A/B testing

What A/B testing is

An A/B test (also called a controlled experiment or randomized trial) is the gold standard for measuring the causal effect of a change. You randomly split users into two groups — a control group (A) that experiences the current version and a treatment group (B) that experiences the new version — and compare outcomes.

The randomization is what makes A/B tests powerful. Because users are randomly assigned, the two groups are statistically equivalent on average before the experiment begins.
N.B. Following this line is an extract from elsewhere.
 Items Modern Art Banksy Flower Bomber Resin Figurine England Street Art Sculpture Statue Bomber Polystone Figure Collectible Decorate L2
Any difference in outcomes afterward can be attributed to the treatment — not to pre-existing differences between the groups.

The anatomy of an A/B test

Hypothesis: formulate what you expect the change to do before running the test.

Null hypothesis $H_0$ : the change has no effect on the metric.
Alternative hypothesis $H_1$ : the change improves (or changes) the metric.

Metric: choose a primary metric that directly captures what matters. Common examples: conversion rate, click-through rate, revenue per user, session length.

Sample size: calculate in advance how many users you need per group to detect the minimum effect size you care about, at your chosen significance level and power. Running too few users and stopping early because results look good is a common mistake — covered below.

Randomization unit: the unit of randomization is usually the user or session. Every request from the same user should go to the same group (consistent experience).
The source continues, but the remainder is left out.